● **To do**
Repeat exactly the lines from the line containing "Oak Finish Bedroom With Classic Design" to the last line of the listing, including both.

● **Data to use**
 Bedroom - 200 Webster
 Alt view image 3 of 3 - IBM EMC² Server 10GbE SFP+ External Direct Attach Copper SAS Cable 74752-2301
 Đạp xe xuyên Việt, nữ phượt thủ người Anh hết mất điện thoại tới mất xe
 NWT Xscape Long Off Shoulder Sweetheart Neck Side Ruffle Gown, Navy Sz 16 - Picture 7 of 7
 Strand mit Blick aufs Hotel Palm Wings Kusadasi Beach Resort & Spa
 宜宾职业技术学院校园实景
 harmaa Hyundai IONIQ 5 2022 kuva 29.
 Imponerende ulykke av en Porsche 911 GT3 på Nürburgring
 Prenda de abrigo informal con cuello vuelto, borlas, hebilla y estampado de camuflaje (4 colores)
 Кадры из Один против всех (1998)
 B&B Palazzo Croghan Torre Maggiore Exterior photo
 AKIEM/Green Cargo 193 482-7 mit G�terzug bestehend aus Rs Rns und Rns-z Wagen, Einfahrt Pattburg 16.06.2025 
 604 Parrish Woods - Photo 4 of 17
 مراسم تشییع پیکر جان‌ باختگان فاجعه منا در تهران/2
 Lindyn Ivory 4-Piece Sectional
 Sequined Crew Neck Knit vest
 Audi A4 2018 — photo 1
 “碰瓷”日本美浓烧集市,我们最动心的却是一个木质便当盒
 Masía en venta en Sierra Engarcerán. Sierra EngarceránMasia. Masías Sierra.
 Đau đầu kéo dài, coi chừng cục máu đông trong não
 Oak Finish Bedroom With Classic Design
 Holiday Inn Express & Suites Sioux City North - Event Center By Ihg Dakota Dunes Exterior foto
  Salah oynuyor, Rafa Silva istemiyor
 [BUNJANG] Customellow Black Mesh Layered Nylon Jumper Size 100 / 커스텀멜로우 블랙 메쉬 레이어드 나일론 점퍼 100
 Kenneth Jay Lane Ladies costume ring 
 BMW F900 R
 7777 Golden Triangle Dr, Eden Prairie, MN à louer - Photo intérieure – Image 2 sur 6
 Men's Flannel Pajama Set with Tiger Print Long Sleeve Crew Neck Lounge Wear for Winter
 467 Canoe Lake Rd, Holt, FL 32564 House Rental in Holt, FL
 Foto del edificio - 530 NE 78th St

● **Answer to this exercise**
 Oak Finish Bedroom With Classic Design
 Holiday Inn Express & Suites Sioux City North - Event Center By Ihg Dakota Dunes Exterior foto
  Salah oynuyor, Rafa Silva istemiyor
 [BUNJANG] Customellow Black Mesh Layered Nylon Jumper Size 100 / 커스텀멜로우 블랙 메쉬 레이어드 나일론 점퍼 100
 Kenneth Jay Lane Ladies costume ring 
 BMW F900 R
 7777 Golden Triangle Dr, Eden Prairie, MN à louer - Photo intérieure – Image 2 sur 6
 Men's Flannel Pajama Set with Tiger Print Long Sleeve Crew Neck Lounge Wear for Winter
 467 Canoe Lake Rd, Holt, FL 32564 House Rental in Holt, FL
 Foto del edificio - 530 NE 78th St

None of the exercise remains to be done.